▸ Exercise instructions: From the data below, set down exactly the lines between the one holding "娜娜这个数据📊统计58ue+58winners何意为？莱巴金娜vs卡萨金娜美网" and the one holding "fender telecaster pickup", inclusive, and no others.

▸ Listed entries:

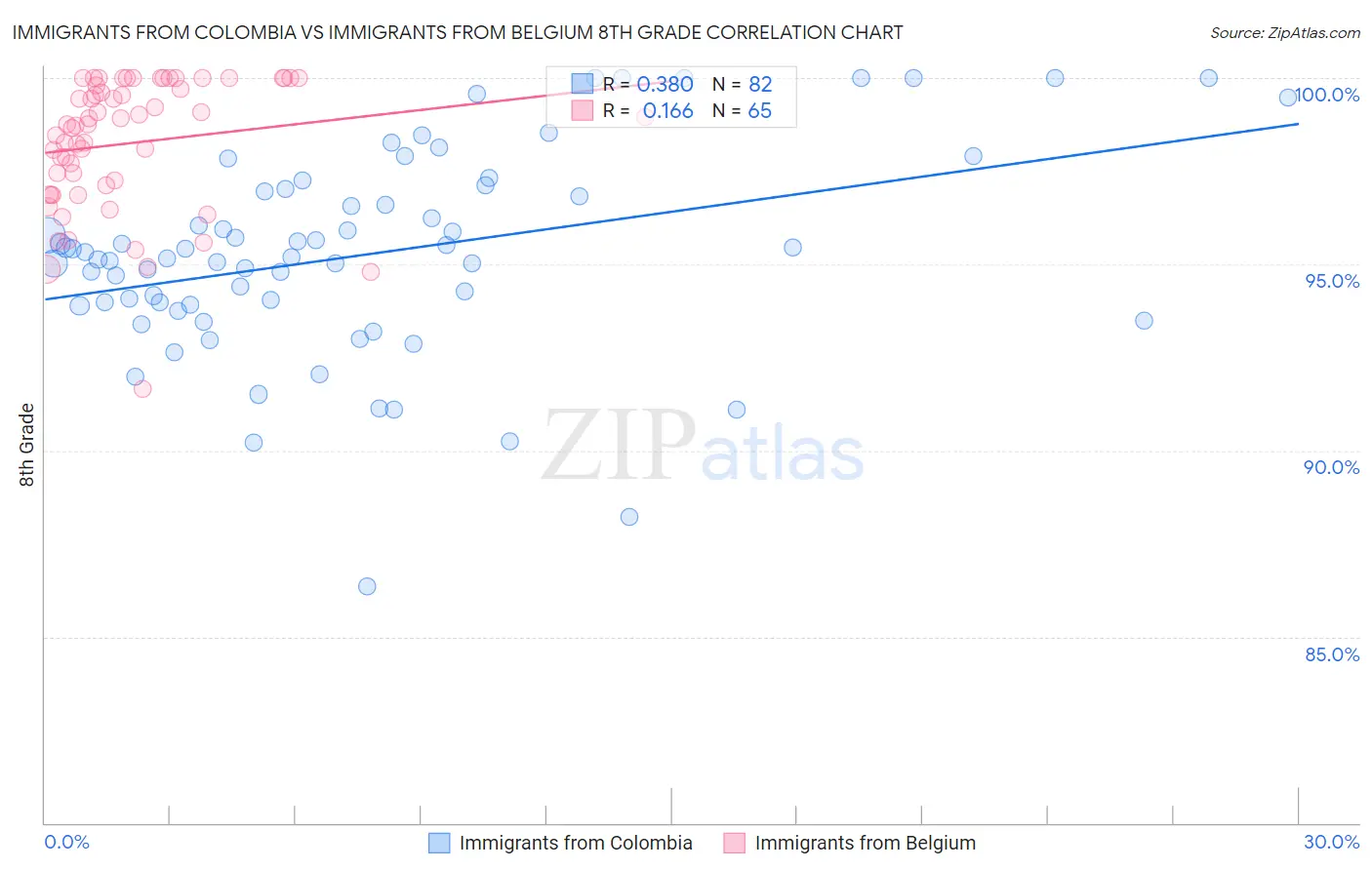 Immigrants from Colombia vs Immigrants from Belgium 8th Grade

---

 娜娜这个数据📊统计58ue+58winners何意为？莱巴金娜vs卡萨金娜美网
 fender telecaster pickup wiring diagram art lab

▸ Output of the exercise:
 娜娜这个数据📊统计58ue+58winners何意为？莱巴金娜vs卡萨金娜美网
 fender telecaster pickup wiring diagram art lab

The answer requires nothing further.